A state fund that helped fuel one of the world’s best stock rallies this year has almost been depleted, reports Bloomberg.
The Istanbul bourse has benefited from rising profit expectations after the government delved into the Credit Guarantee Fund, which backstops bank loans to non-financial companies, driving a revival in borrowing. Earnings forecasts for members of Turkey’s benchmark stock index increased 21 percent this year, five times the growth rate for South African and Russian stocks.
With officials dispensing more than 80 percent of the 250 billion lira ($71 billion) fund since November, some investors question how Turkey’s Borsa Istanbul 100 Index will maintain a rally that boosted the gauge 37 percent this year, the best in the world after Ukraine and Nigeria. Cemil Ertem, one of President Recep Tayyip Erdogan’s economic advisers, said in a Milliyet newspaper column Tuesday that the facility will “deepen and continue,” but no announcement has been made about raising the fund’s ceiling.

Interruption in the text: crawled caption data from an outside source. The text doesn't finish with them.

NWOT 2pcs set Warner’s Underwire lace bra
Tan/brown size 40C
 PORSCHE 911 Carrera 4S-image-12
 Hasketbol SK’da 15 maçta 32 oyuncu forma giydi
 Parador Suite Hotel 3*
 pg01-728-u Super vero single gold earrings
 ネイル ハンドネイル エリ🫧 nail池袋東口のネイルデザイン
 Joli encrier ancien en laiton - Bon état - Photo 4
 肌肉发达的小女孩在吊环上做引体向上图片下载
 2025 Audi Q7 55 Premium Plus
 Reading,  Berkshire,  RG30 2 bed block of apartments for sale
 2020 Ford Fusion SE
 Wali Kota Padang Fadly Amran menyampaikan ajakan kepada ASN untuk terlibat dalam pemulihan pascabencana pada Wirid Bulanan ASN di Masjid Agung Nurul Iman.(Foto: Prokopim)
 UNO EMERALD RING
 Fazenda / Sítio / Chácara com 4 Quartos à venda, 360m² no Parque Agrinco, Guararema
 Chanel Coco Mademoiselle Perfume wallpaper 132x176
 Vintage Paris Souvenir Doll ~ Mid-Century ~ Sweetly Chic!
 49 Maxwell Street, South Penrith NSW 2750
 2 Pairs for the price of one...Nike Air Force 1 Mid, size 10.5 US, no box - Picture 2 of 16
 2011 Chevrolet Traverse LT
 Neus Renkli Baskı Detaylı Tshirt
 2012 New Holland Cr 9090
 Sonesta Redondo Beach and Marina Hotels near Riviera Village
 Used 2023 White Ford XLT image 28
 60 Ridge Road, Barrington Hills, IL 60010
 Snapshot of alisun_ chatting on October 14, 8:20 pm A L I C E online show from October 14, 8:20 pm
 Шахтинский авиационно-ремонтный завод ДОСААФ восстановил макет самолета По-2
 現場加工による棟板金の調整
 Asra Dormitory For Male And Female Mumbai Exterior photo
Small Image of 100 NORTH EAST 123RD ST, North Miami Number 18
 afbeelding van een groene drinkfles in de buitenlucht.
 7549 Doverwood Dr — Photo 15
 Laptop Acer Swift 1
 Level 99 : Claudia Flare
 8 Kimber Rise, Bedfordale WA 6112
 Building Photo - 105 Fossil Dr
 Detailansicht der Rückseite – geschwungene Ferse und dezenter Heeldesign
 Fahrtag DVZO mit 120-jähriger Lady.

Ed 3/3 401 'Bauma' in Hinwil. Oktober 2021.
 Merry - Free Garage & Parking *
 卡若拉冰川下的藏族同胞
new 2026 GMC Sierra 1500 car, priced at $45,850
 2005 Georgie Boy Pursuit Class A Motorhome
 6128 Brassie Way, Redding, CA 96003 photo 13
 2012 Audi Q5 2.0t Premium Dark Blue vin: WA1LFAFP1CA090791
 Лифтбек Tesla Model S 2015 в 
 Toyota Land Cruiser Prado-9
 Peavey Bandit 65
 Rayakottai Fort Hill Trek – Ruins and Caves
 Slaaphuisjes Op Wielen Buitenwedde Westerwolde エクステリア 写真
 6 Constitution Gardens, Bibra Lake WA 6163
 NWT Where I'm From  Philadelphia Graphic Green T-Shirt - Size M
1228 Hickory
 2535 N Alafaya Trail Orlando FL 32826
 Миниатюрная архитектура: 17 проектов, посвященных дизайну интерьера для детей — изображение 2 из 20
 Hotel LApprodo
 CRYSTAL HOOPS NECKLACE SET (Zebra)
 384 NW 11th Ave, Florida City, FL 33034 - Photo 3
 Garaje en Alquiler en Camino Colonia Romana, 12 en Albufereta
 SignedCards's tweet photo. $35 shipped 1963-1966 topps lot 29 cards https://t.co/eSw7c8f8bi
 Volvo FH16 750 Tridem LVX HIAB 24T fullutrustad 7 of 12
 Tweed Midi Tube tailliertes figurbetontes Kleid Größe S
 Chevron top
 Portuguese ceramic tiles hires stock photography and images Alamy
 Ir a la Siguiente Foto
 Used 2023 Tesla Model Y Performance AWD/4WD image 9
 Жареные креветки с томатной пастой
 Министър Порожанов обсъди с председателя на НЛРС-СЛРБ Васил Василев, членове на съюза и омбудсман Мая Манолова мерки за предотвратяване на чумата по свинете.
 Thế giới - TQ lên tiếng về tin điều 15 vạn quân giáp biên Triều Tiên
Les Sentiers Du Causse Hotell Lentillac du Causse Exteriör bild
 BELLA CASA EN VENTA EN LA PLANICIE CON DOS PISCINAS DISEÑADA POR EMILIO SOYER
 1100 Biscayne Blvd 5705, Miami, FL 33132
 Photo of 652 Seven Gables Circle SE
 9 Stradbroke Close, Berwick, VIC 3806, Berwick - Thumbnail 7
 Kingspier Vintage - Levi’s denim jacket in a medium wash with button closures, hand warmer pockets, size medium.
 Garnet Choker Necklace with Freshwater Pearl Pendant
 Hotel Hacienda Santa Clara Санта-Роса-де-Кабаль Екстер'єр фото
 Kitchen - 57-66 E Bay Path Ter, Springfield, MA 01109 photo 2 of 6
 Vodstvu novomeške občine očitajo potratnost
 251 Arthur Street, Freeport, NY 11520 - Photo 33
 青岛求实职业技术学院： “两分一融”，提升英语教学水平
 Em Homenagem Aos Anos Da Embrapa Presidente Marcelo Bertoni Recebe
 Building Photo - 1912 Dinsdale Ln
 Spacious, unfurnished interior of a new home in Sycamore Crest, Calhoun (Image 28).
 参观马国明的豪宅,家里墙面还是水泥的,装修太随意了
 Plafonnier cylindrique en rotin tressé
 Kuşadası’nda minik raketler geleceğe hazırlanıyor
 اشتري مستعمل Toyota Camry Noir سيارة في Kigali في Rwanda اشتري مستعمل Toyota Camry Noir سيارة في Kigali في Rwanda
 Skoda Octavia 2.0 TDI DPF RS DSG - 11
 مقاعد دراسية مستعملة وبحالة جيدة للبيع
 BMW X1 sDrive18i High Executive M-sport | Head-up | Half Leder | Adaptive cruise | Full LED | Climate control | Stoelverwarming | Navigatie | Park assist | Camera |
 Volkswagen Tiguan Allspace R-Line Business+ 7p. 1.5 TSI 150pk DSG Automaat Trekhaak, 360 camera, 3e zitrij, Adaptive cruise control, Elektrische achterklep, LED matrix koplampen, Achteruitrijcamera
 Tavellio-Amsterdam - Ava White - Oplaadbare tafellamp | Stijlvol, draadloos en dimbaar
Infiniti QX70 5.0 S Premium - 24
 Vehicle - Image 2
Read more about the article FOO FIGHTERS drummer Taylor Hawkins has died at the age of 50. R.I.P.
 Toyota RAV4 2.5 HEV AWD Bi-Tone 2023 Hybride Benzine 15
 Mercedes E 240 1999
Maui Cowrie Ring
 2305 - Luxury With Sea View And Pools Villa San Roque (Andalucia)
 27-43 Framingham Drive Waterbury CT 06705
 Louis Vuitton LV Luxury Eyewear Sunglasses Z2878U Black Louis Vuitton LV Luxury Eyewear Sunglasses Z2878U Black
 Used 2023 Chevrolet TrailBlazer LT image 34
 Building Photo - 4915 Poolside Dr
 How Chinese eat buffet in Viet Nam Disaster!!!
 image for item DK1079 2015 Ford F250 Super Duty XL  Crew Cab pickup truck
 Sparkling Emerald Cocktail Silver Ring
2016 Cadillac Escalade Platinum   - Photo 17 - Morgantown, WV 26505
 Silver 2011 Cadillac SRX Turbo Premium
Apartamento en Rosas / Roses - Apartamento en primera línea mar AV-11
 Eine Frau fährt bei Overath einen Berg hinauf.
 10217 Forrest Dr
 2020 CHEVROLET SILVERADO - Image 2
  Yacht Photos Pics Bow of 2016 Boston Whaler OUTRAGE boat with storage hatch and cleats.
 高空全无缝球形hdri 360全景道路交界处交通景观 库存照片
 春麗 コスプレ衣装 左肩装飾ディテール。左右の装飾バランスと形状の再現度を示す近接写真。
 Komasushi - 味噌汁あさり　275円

“We’re positive on Turkey, but the question here is: does the government have any more cards up its sleeves to keep this rally going into 2018?” said Anastasia Levashova, a London-based fund manager who helps oversee more than $250 million of emerging equities at Blackfriars Asset Management Ltd.
Given that the fund is running out, “we’d look for an interest-rate cut to provide the next leg in this rally,” she said.
But that’s unlikely for now. Turkey’s central bank raised interest rates in January for the first time in three years in an effort to support the lira and tame inflation. It said on Tuesday it won’t loosen monetary conditions until there’s a noticeable improvement in inflation.
The fund’s impact on the stocks coincided with increased appetite for riskier assets as the U.S. Federal Reserve adopts a less hawkish tone. Turkey’s economy grew in the first quarter at a faster pace than anticipated and relative political stability returned after last year’s failed coup attempt, which also boosted the stocks’ appeal.